I am not suggesting you don’t order out, but do it wisely. Diametrically opposed is our second example.
Food that comforts the mind only
This 72-year-old female decided to embrace ultra-processed foods, adding cookies, cakes and sour-dough breads to her diet. Her kidney function decreased by more than 15 percent, with the GFR shifting from 88 to 63. Her inflammation, measured by CRP, went up by 75 percent. Her LDL, “bad cholesterol,” increased by more than 20 percent. Her allergy symptoms worsened. She described herself as more sluggish and, to boot, she gained five pounds.
What makes these examples even more interesting is that both patients are deemed in the high-risk category for getting severe COVID-19 and being hospitalized. COVID-19 is associated with elevated CRP, which may increase the risk for more lung lesions and the risk of severe disease (3).
What is the moral of the story? Use this time to focus on foods that comfort both the mind and the body. Make food work for you and against the common enemies of COVID-19 and chronic diseases that are putting people at higher risk for viruses.
What about exercise?
Just because we are cooped up indoors most of the time does not mean we can’t exercise. Time and again, exercise benefits have been shown. Yet, we are sitting more and, with social distancing, we have less incentive to go outside or opportunities to socialize, go to the gym or do many of our usual activities.

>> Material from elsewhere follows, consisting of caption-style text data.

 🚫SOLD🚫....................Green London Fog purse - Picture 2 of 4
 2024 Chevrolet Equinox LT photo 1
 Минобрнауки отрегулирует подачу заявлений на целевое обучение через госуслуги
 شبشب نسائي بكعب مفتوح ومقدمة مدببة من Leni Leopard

However, not to fret. There was a recent small study with eight volunteers equally split between men and women. Results showed that four-minute intervals of exercise throughout the day that interrupted continuous sitting led to a substantial improvement in triglycerides and metabolized more fat after high-fat meals the next day, compared to continuous sitting for eight hours uninterrupted and then eating a high fat meal the next day (4).
The participants used a stationary bike, exercising intensely for four seconds and then resting for 45 seconds, repeating the sequence five times in a row. They completed this four-minute sequence once an hour for eight hours. Their daily intense exercise totaled 160 seconds. This bodes well for very short bursts of exercise rather than sitting for long periods without movement.

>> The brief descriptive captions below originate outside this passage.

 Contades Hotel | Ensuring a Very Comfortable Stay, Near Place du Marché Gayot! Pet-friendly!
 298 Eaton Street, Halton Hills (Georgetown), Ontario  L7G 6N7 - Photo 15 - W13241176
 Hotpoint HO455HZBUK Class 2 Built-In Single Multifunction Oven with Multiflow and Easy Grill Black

Not everyone has a stationary bike, but you can do jumping jacks, run in place, or even dance vigorously to your favorite tunes once an hour.
Ventilator vs. Incentive Spirometer
As I’m sure you’ve been reading, some with severe COVID-19 require ventilators. Unfortunately, the statistics with ventilators are dismal. According to a recent study of 5700 COVID-19 patients in the New York region, 88.1 percent of patients died (5). Hospitals are trying alternate approaches while using oxygen masks not ventilators, such as proning (turning patients on their stomach instead of lying on their backs in bed) and having them sit up in a chair in order to help with oxygenation in the lungs in those who have low oxygen saturation.

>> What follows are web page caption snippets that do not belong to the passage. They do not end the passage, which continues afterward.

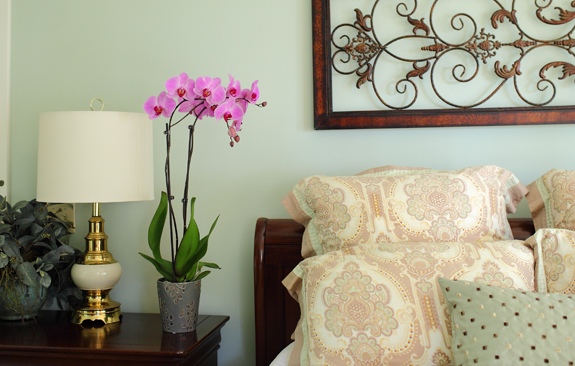 light green orchid pink bedroom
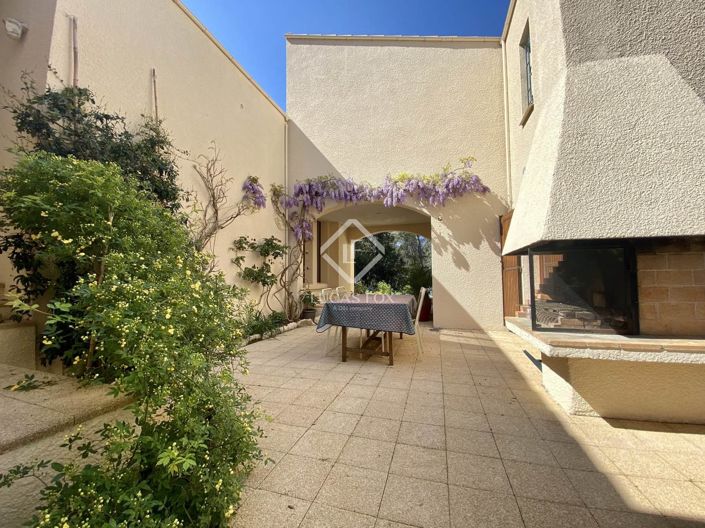 Image No.15-5 Bed House for sale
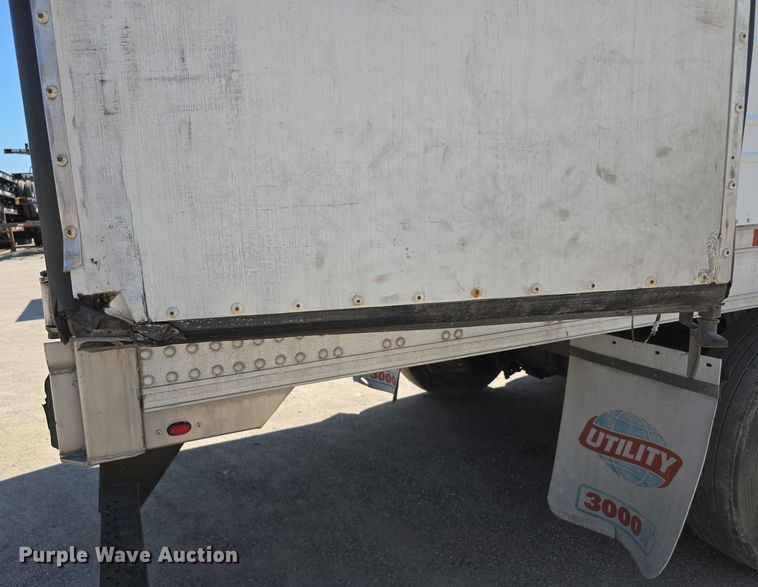 image for item DR3965 2013 Utility VS2RA dry van trailer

However, the ultimate exercise for the lung and the ability to improve oxygenation is an incentive spirometer. This device expands your lungs as you inhale. The more you do it, the better your lung functioning. One study, which I mentioned in previous articles on lung function, involved inhaling a total of 50 breaths a day which in two increments (6).
The brand of spirometer used was a Teleflex Triflo II. This costs less than five dollars online at medicalvitality.com
What about incentive spirometer in sick patients? There was a small study with patients who had COPD exacerbations (7). Those who were given an incentive spirometer plus medical treatment saw a significant increase in the blood gases over a two-month period. Also, the quality of life improved for those using the incentive spirometer.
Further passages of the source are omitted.